• **Activity**: For this exercise, write out the whole listing below exactly, omitting its images.

── Collected material ──

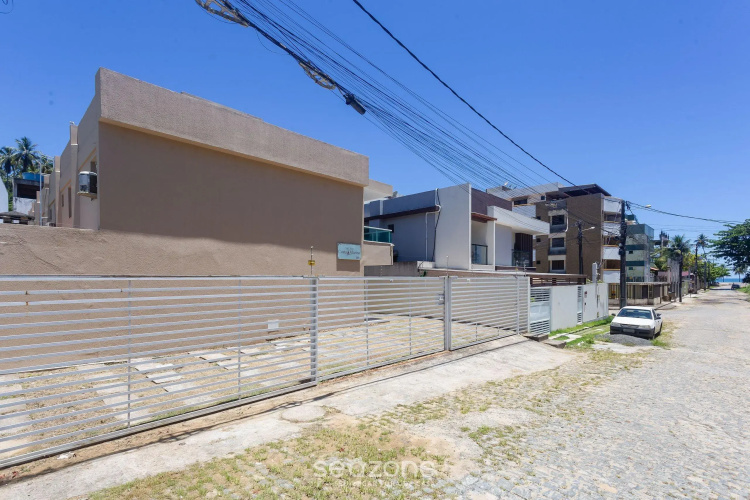 Sobrado A 300m Da Praia De Ilhéus Vcm005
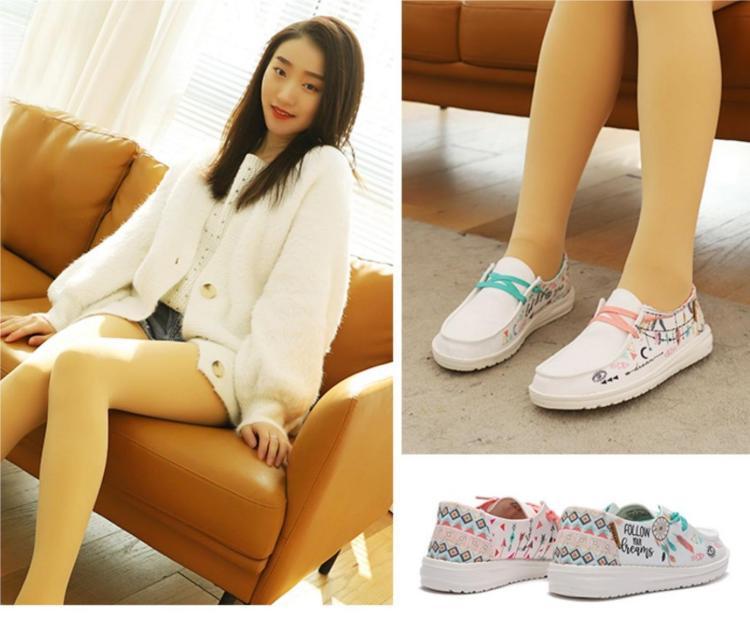 Women's Trend Graffiti Canvas Shoes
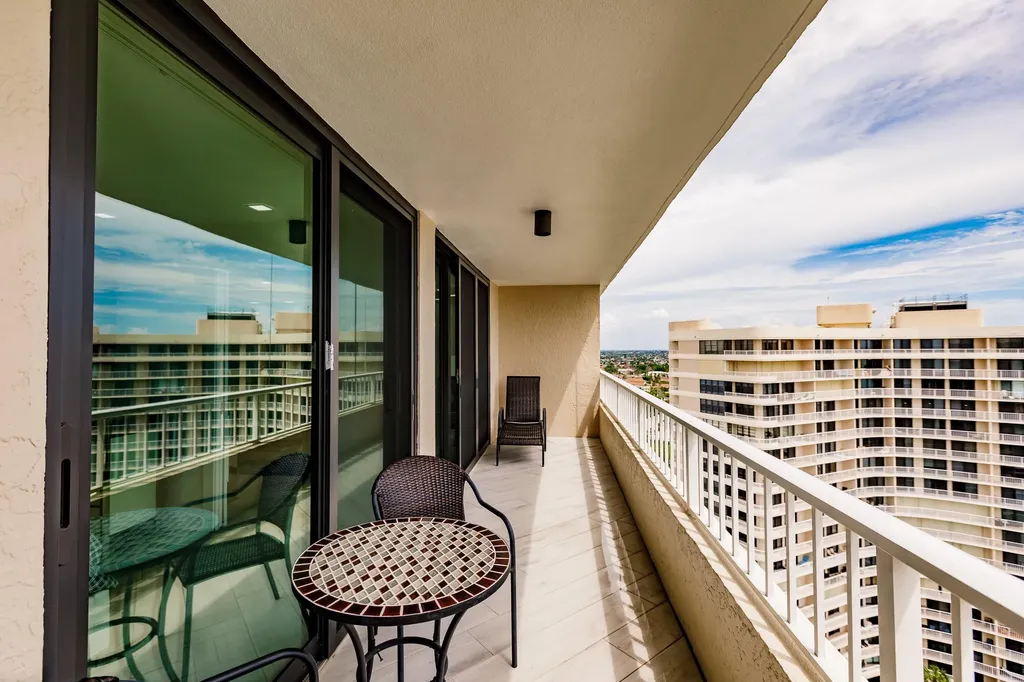 440 Seaview Court Marco Island FL 34145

───

• **Solution to this task**:
 Sobrado A 300m Da Praia De Ilhéus Vcm005
 Women's Trend Graffiti Canvas Shoes
 440 Seaview Court Marco Island FL 34145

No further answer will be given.